So call me a former blogger or just call me.

Thursday, December 23, 2010

Poem for the Solstice

BLIZZARD

Every year I write about snow

and every year it surprises me.

If no snowflake is the same,

then certainly no blizzard is either.

How scary when hail pelts the windshield,

How charming snow is nestled on the bird feeder.

There are storms that catch you unaware.

In your nightgown you watch

flakes bigger than fists fly at the windows.

Know it will all melt, the ice,

the piles at the end of the driveway.

Even now it is moving toward liquid.

Know you will stand at the window again

watching green pulses push from the garden.

Friday, December 10, 2010

Just a picture


I'm busy grading papers and reading theses and trying to finish up everything so I can think about the solstice and the end of the year and all.

So here's a picture of me and a small rug I hooked for an event called BIRD X BIRD in which artists making art and donate a portion of it to a silent auction for the Audobon Society.


Saturday, December 4, 2010

Last Image

The other night in class I had my students write the last image in their books. At this point most of them are only three or four chapters into their novels. I wrote my last image too. We pay so much attention to the beginning of books, as we should, that I think the end is often neglected. This is our last chance to give our readers a gift. We have traveled a long road with them and they deserve something memorable. We build these fictive worlds out of images--so I think that's where to start with the end. What image do you want to leave them with?

I was surprised by my image--a pair of tail light disappearing around a bend. Seemed very mundane and a little cliched. But then I had them all write scenes that lead up to their image and the scene I wrote pleased me and surprised me and felt right. And it led to the tail lights disappearing.

Also, I think it's exciting to have the ending to head toward. Even if it doesn't stay the ending. It has a kind of weight that can pull you along when you're struggling with the middle, etc.

So try it. Write an image that a novel can head toward and then aim at it. Might even be the first thing you write in a novel.

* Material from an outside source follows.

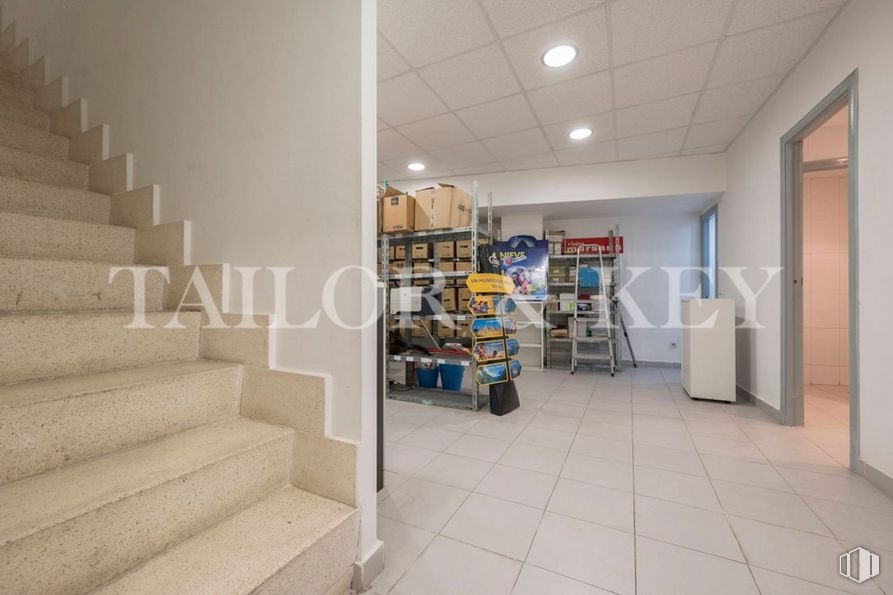 Local en venta en Calle Eras Altas, Villa de Vallecas, Madrid, 28031 con estantería, escaleras, interiorismo, suelo, suelos, silla, estante, madera, estantería y techo alrededor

Thursday, November 25, 2010

Thanks

Thanks to all my readers.

I have a short list here of things I'm thankful for on this sunny, but nasty cold day (10 degrees) in Golden Valley.

I'm thankful that:

--Jacques, my 7-pound toy poodle, caught a short-tailed shrew today, but still prefers eating apple

--I have a head-to-toe down coat that allows me to go outside in this weather and, because it's brown, acts as a solar collector when there is sun

--I made it to the library and have a huge pile of books that I want to read

--I finally finished hemming the velvet winter curtains after four years of hanging them with pins stuck in them

--there are only two more months of this limited light

--Thanksgiving isn't at our house, but Pete's cousin's

--holiday music will start playing on the classical music station (I know, I'm a sucker)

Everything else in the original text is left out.